En Roumanie, des maisons en kit au service des ambitions présidentielles de l'extrême droite

Dans le village roumain de Pechea ravagé par des inondations, des maisons flambant neuves se dressent au milieu de la boue. L’œuvre du chef de l'extrême droite George Simion, qui en a fait un terrain de bataille avant la présidentielle de dimanche.

À 38 ans, ce fan de Donald Trump, dont il aime porter la même casquette rouge, est bien placé dans les sondages pour se hisser au deuxième tour du scrutin, derrière l'actuel Premier ministre social-démocrate Marcel Ciolacu.

Ce serait une première depuis plus de deux décennies pour le pays d'Europe orientale, sur fond de poussée des forces extrémistes sur le continent.

À Pechea, son visage est placardé sur les façades et des sinistrés portent des vestes à la couleur jaune de son parti, AUR.

Après le passage de la dévastatrice tempête Boris, le candidat s'est porté à la rescousse de cette région pauvre de l'Est, débarquant avec 10 camions et quelque 300 volontaires.

- "On veut du changement" -

"Ils ont enlevé la boue, nous ont donné un lit" et aidé à réparer la maison, raconte Nicolae Grosu, bottes aux pieds par une froide journée d'automne. "Eux au moins, ils ont fait quelque chose", tranche-t-il, "frustré" par l'inefficacité supposée des autorités.

Il votera pour AUR dimanche, "sans hésitation". "On veut du changement, on en a assez après 34 ans" de domination des mêmes partis politiques depuis la fin du communisme, insiste le sexagénaire.

Mais tous ne sont pas convaincus: son voisin, Paraschiv Bratu, attend lui toujours l'aide qu'on lui avait fait miroiter. Il choisira les sociaux-démocrates, même si ce sont aussi "des voleurs", lâche-t-il, visiblement déçu de ne pas avoir pu bénéficier d'une des nouvelles maisons.

Alors que de nombreux habitants vivent toujours dans des préfabriqués, George Simion a fait acheter un grand terrain grâce à des dons de membres du parti et de sympathisants, action vantée ensuite sur les réseaux sociaux.

En quelques semaines, il a érigé huit logements, appelant à "se retrousser les manches" pour aider les villageois en détresse.

Les bâtiments arborent des motifs traditionnels et des figures historiques en hommage à la grandeur de la Roumanie que l'aspirant à la présidence défend.

Même s'il a modéré son discours ces derniers mois, celui qui se définit comme "patriote" s'oppose toujours à l'aide militaire à l'Ukraine, au mariage des homosexuels et défend une "Europe souveraine des nations", à l'instar du Premier ministre hongrois Viktor Orban.

- "Pure mise en scène" -

Dans un pays frappé par une inflation record et au système de santé délabré, "son message marketing, une pure mise en scène, a rencontré un fort écho", selon le sociologue Barbu Mateescu.
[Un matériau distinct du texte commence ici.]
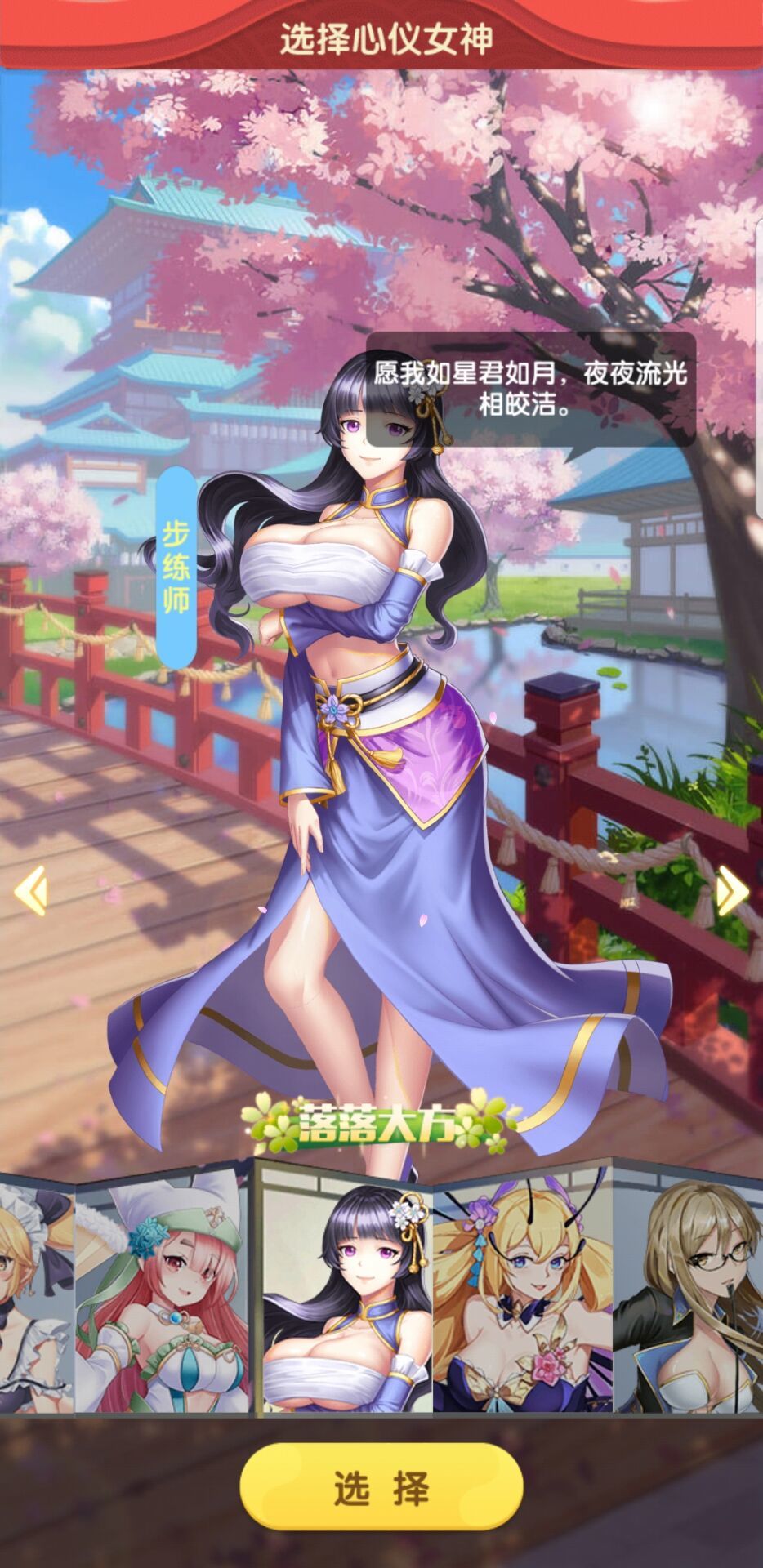 放置美少女台服百度版截图3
"Pour son public sensible aux thèses populistes et nationalistes", l'exemple de Pechea "montre que c'est un homme qui agit et remplit ses promesses", explique-t-il à l'AFP.

Son succès, il le doit aussi à sa capacité de fédérer un électorat d'extrême droite, auparavant dispersé entre plusieurs partis, ajoute le politologue Cristian Pirvulescu.

Fondé en 2019, le parti AUR a connu une ascension rapide, faisant une entrée surprise au Parlement un an plus tard avec près de 10% de voix en sa faveur.

Il espère doubler la mise aux législatives organisées le 1er décembre, entre les deux tours de la présidentielle.

Pour le vote de dimanche, George Simion est crédité de 15 à 19% des intentions de vote, contre quelque 25% pour son rival Ciolacu, 56 ans.

Le libéral Klaus Iohannis occupe depuis 2014 ce poste essentiellement protocolaire, mais à la fonction symbolique forte pour les Roumains.

Parmi les futurs locataires des maisons offertes par AUR, Andra Untaru, 39 ans et mère de trois enfants, place tous ses espoirs en M. Simion, qui a promis de meilleurs salaires et des mesures pour ramener à la maison les millions de Roumains de la diaspora, comme sa mère et sa soeur.

"Nous lui souhaitons bonne chance. Grâce à Dieu il deviendra notre président", souffle-t-elle.